On Thursday 07 May 2009 17:53:02 Matthew Wilcox wrote: > On Thu, May 07, 2009 at 05:40:15PM +0800, Sheng Yang wrote: > > It's indeed weird. Why the semantic of pci_enable_msix can be changed to > > "enable msix, or tell me how many vector do you have"? You can simply > > call pci_msix_table_size() to get what you want, also without any more > > work, no? I can't understand... > > Here's a good example. Let's suppose you have a driver which supports > two different models of cards, one has 16 MSI-X interrupts, the other > has 10. You can call pci_enable_msix() asking for 16 vectors. If your > card is model A, you get 16 interrupts. If your card is model B, it says > "you can have 10". > > This is less work in the driver (since it must implement falling back to > a smaller number of interrupts *anyway*) than interrogating the card to > find out how many interrupts there are, then requesting the right number, > and still having the fallback path which is going to be less tested. Yeah, partly understand now. But the confusing of return value is not that pleasure compared to this benefit. And even you have to fall back if return > 0 anyway, but in the past, you just need fall back once at most; but now you may fall back twice. This make thing more complex - you need either two ifs or a simple loop. And just one "if" can deal with it before. All that required is one call for pci_msix_table_size(), and I believe most driver would like to know how much vector it have before it fill the vectors, so mostly no extra cost. But for this ambiguous return meaning, you have to add more code for fall back - yes, the driver may can assert that the positive return value always would be irq numbers if it call pci_msix_table_size() before, but is it safe in logic?

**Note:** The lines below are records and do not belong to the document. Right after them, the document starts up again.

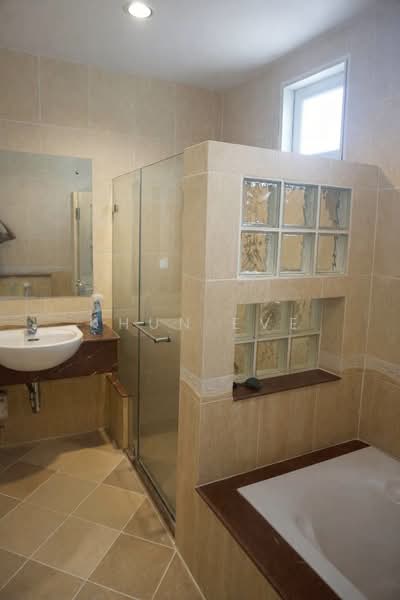 Single house for Rent Srinakarin 51 Near Seacon Square (SPSEVE1763 ), Bangkok, ศรีนครินทร์ 51, Nong Bon, Prawet, Bangkok, 4 Bedrooms, 220 sqm, Single Detached House For Rent, by Khun Eve, 500177205 - DDproperty.com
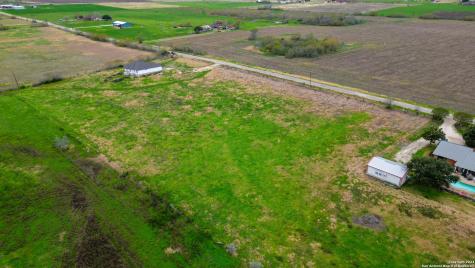 Lot 3 Partnership Road Seguin TX 78155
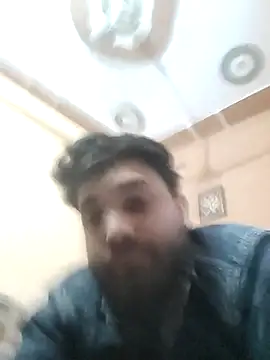 Snapshot of areee214 chatting on 4, 3, 2026 areee214 online show from 4, 3, 2026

On Thu, 2009-05-07 at 03:53 -0600, Matthew Wilcox wrote: > On Thu, May 07, 2009 at 05:40:15PM +0800, Sheng Yang wrote: > > It's indeed weird. Why the semantic of pci_enable_msix can be changed to > > "enable msix, or tell me how many vector do you have"? You can simply call > > pci_msix_table_size() to get what you want, also without any more work, no? I > > can't understand... > > Here's a good example. Let's suppose you have a driver which supports > two different models of cards, one has 16 MSI-X interrupts, the other > has 10. You can call pci_enable_msix() asking for 16 vectors. If your > card is model A, you get 16 interrupts. If your card is model B, it says > "you can have 10". > > This is less work in the driver (since it must implement falling back to > a smaller number of interrupts *anyway*) than interrogating the card to > find out how many interrupts there are, then requesting the right number, > and still having the fallback path which is going to be less tested. Not to mention that there's no guarantee that you'll get as many interrupts as the device supports, so you should really be coding to cope with that anyway. Like the example in MSI-HOWTO.txt: 197 static int foo_driver_enable_msix(struct foo_adapter *adapter, int nvec) 198 { 199 while (nvec >= FOO_DRIVER_MINIMUM_NVEC) { 200 rc = pci_enable_msix(adapter->pdev, 201 adapter->msix_entries, nvec); 202 if (rc > 0) 203 nvec = rc; 204 else 205 return rc; 206 } 207 208 return -ENOSPC; 209 } So I agree, this patch is an improvement. cheers
On Thursday 07 May 2009 18:23:50 Michael Ellerman wrote: > On Thu, 2009-05-07 at 03:53 -0600, Matthew Wilcox wrote: > > On Thu, May 07, 2009 at 05:40:15PM +0800, Sheng Yang wrote: > > > It's indeed weird. Why the semantic of pci_enable_msix can be changed > > > to "enable msix, or tell me how many vector do you have"? You can > > > simply call pci_msix_table_size() to get what you want, also without > > > any more work, no? I can't understand... > > > > Here's a good example. Let's suppose you have a driver which supports > > two different models of cards, one has 16 MSI-X interrupts, the other > > has 10. You can call pci_enable_msix() asking for 16 vectors. If your > > card is model A, you get 16 interrupts. If your card is model B, it says > > "you can have 10". > > > > This is less work in the driver (since it must implement falling back to > > a smaller number of interrupts *anyway*) than interrogating the card to > > find out how many interrupts there are, then requesting the right number, > > and still having the fallback path which is going to be less tested. > > Not to mention that there's no guarantee that you'll get as many > interrupts as the device supports, so you should really be coding to > cope with that anyway. Like the example in MSI-HOWTO.txt: > > 197 static int foo_driver_enable_msix(struct foo_adapter *adapter, int > nvec) 198 { > 199 while (nvec >= FOO_DRIVER_MINIMUM_NVEC) { > 200 rc = pci_enable_msix(adapter->pdev, > 201 adapter->msix_entries, nvec); > 202 if (rc > 0) > 203 nvec = rc; > 204 else > 205 return rc; > 206 } > 207 > 208 return -ENOSPC; > 209 } > > So I agree, this patch is an improvement. > Oh yeah. Forgot irq counts can also be changed from time to time. OK, there should be a loop, so that's fine. :)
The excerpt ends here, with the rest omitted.